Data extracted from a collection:
══════
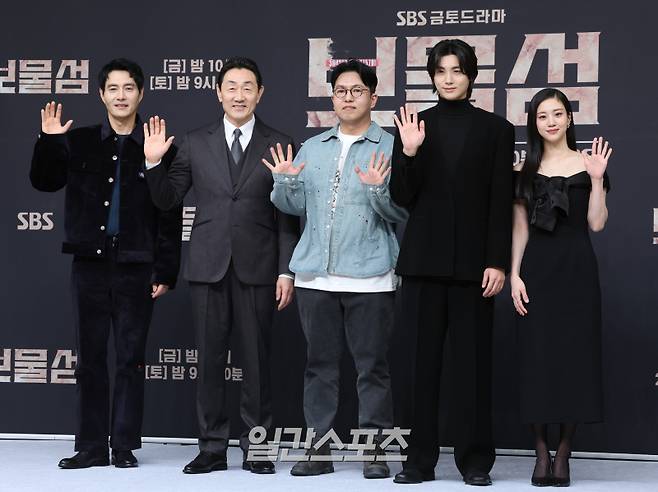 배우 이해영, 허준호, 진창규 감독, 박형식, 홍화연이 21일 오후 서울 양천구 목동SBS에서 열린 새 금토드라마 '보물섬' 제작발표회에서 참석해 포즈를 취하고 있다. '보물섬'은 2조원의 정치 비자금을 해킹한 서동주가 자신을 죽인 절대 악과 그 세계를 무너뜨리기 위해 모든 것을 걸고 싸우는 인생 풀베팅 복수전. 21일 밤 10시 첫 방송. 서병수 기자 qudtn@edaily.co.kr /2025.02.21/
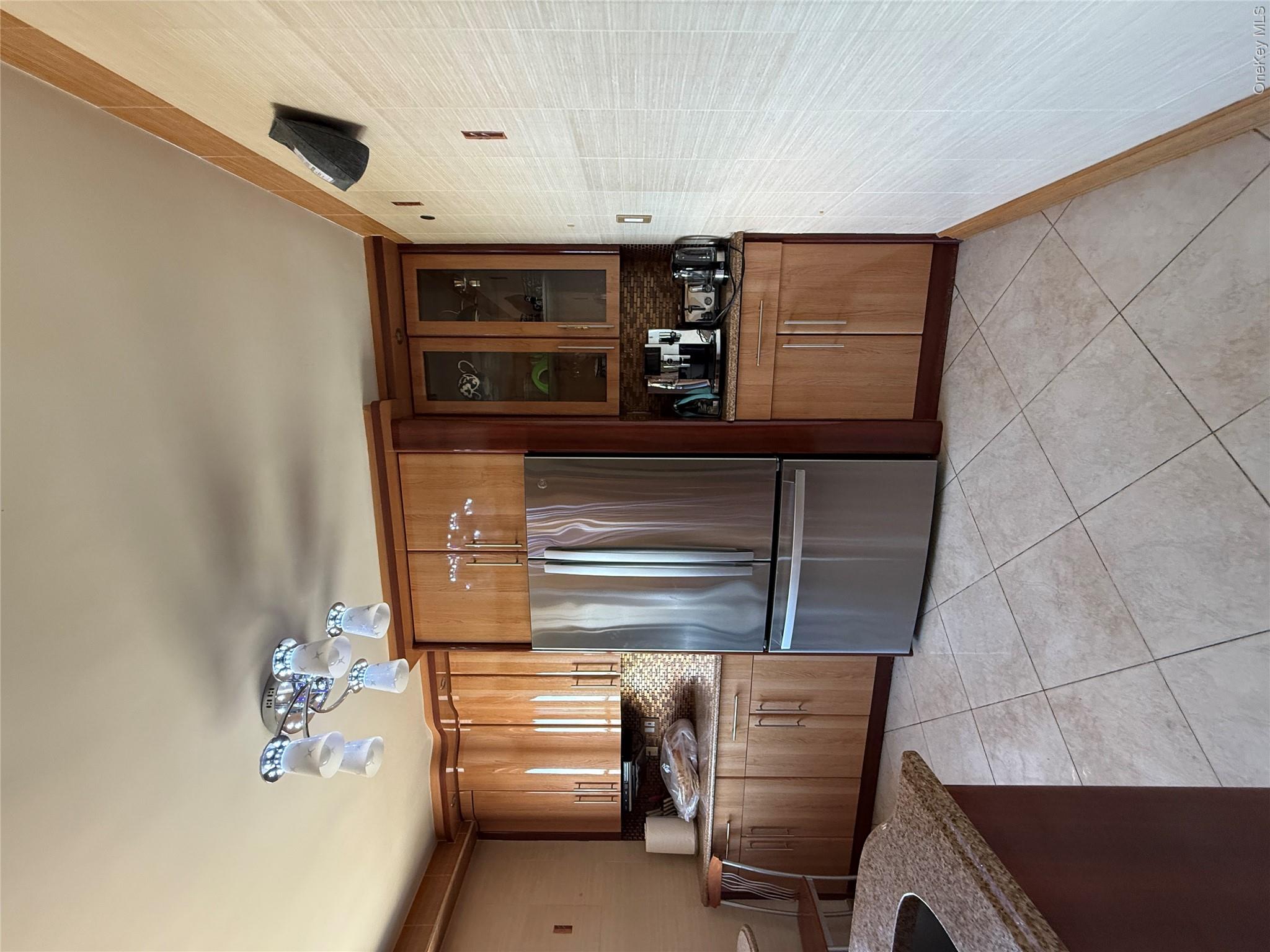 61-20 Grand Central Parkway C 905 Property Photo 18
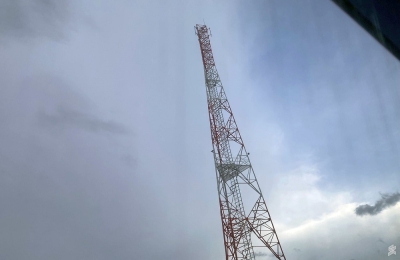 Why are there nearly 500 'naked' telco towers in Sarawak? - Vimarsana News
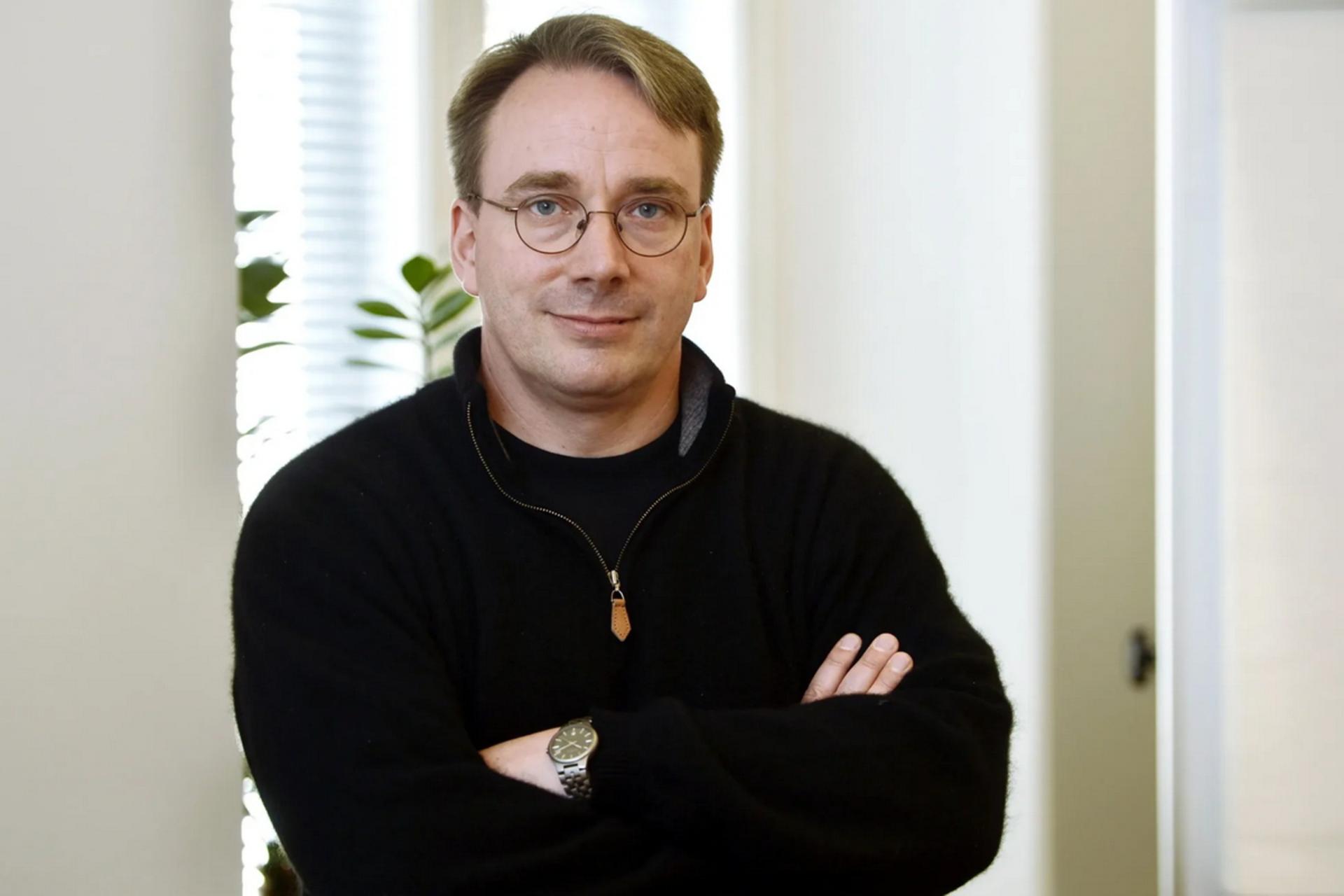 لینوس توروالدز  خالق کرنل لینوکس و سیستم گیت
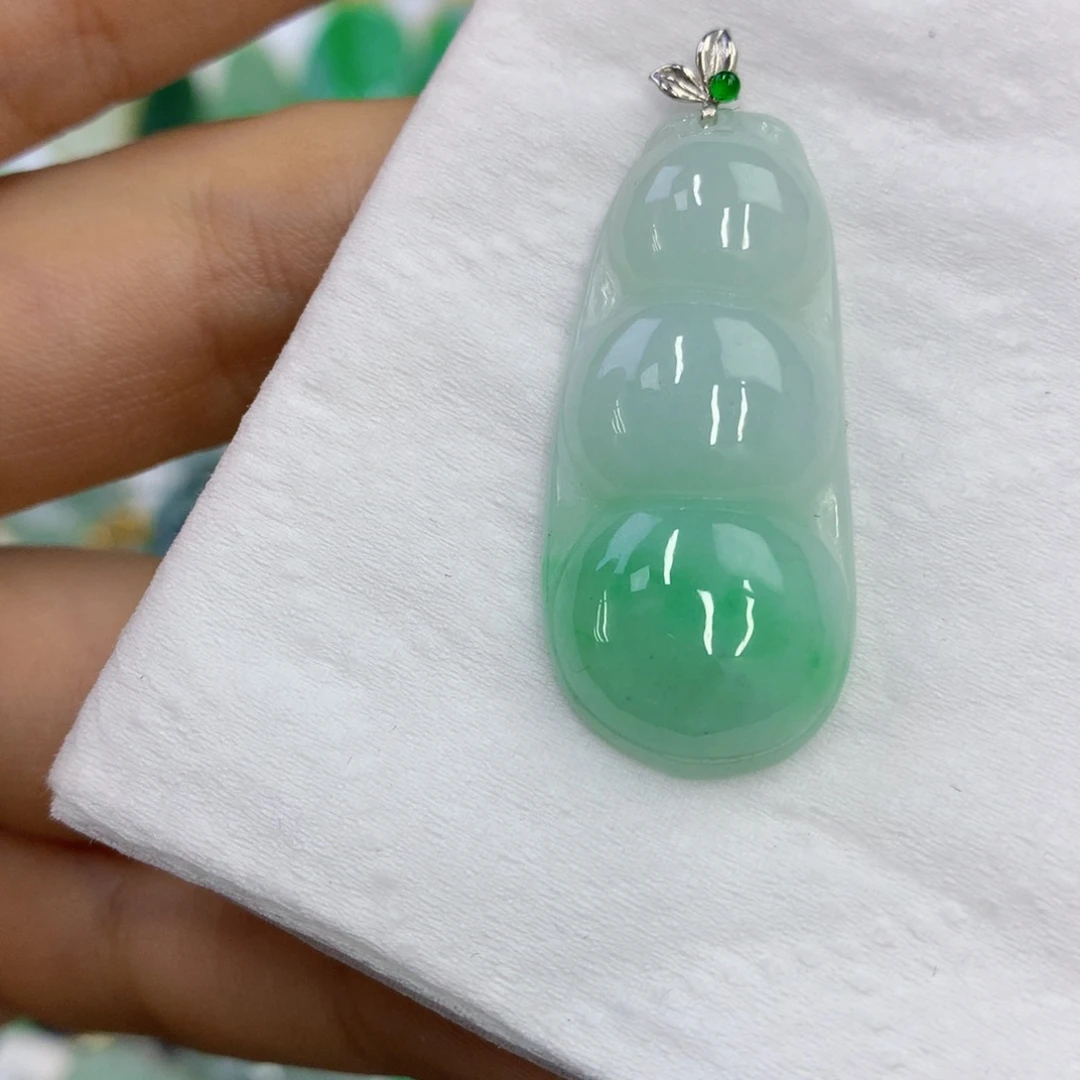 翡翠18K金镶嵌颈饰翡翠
══════
- Task prompt: Would it be possible to print the records above verbatim, pictures omitted?

- Your response:
 배우 이해영, 허준호, 진창규 감독, 박형식, 홍화연이 21일 오후 서울 양천구 목동SBS에서 열린 새 금토드라마 '보물섬' 제작발표회에서 참석해 포즈를 취하고 있다. '보물섬'은 2조원의 정치 비자금을 해킹한 서동주가 자신을 죽인 절대 악과 그 세계를 무너뜨리기 위해 모든 것을 걸고 싸우는 인생 풀베팅 복수전. 21일 밤 10시 첫 방송. 서병수 기자 qudtn@edaily.co.kr /2025.02.21/
 61-20 Grand Central Parkway C 905 Property Photo 18
 Why are there nearly 500 'naked' telco towers in Sarawak? - Vimarsana News
 لینوس توروالدز  خالق کرنل لینوکس و سیستم گیت
 翡翠18K金镶嵌颈饰翡翠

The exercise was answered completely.